--- Excerpted records Enclosed Below ---

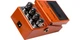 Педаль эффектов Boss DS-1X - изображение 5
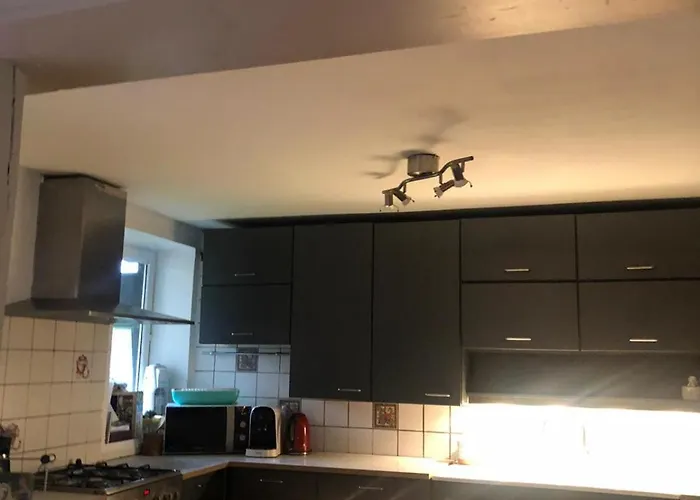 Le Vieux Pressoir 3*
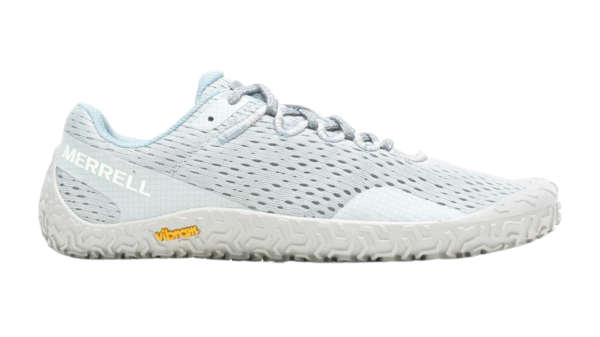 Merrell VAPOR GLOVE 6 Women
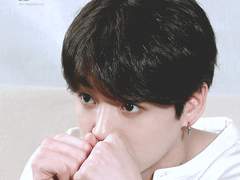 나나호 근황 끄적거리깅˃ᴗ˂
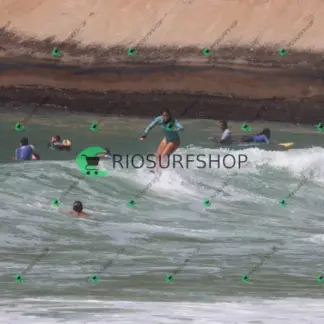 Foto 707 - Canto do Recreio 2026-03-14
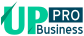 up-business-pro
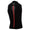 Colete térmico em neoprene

--- End of Enclosed Excerpted records ---
--- Excerpted records Enclosed Below ---

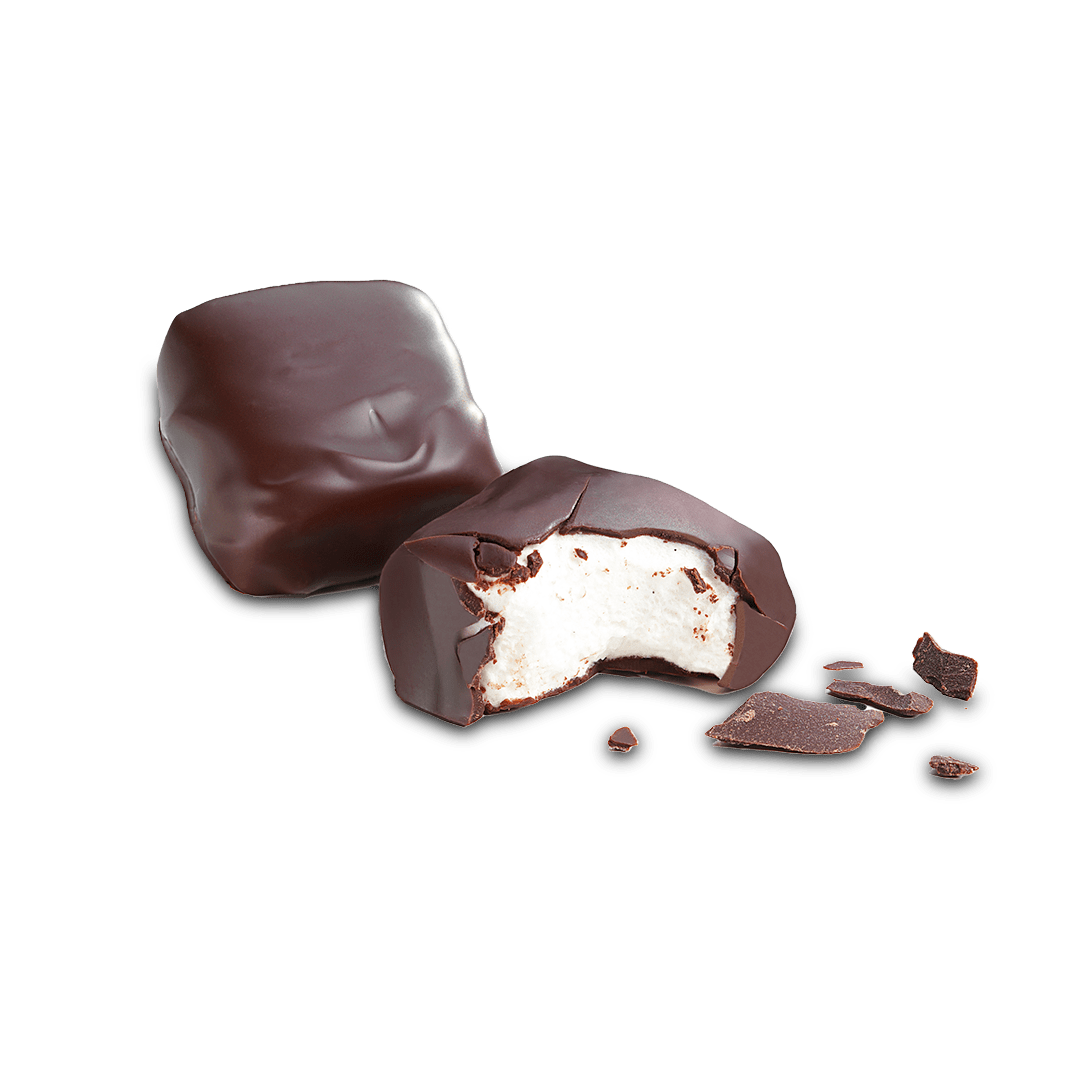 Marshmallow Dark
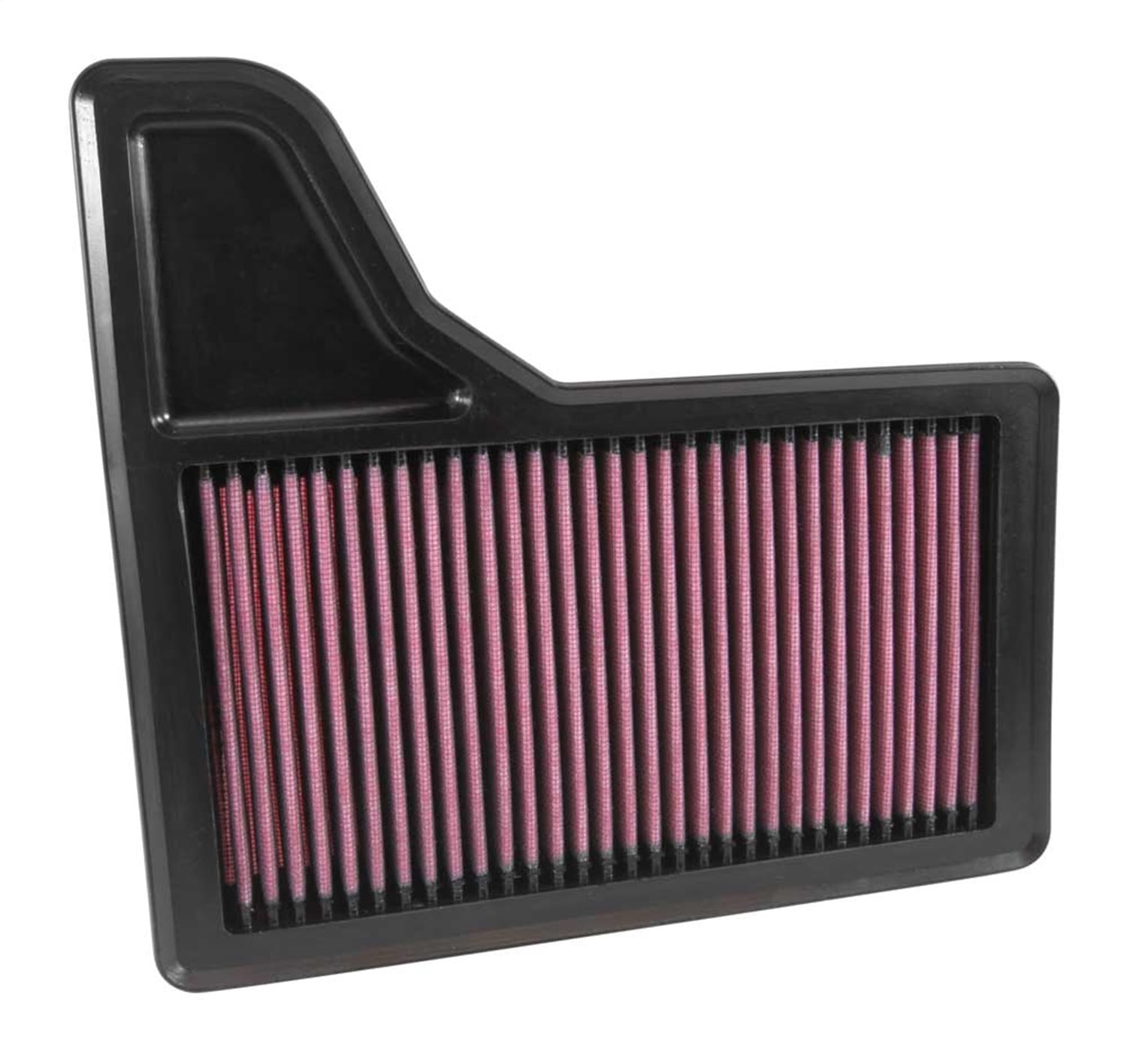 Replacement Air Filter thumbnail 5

--- End of Enclosed Excerpted records ---

— About this task —
Using the data above, copy exactly the lines from the one containing "Педаль эффектов Boss DS-1X - изображение 5" to the one containing "Colete térmico em neoprene", inclusive. Exclude the pictures.

— Written answer —
 Педаль эффектов Boss DS-1X - изображение 5
 Le Vieux Pressoir 3*
 Merrell VAPOR GLOVE 6 Women
 나나호 근황 끄적거리깅˃ᴗ˂
 Foto 707 - Canto do Recreio 2026-03-14
 up-business-pro
 Colete térmico em neoprene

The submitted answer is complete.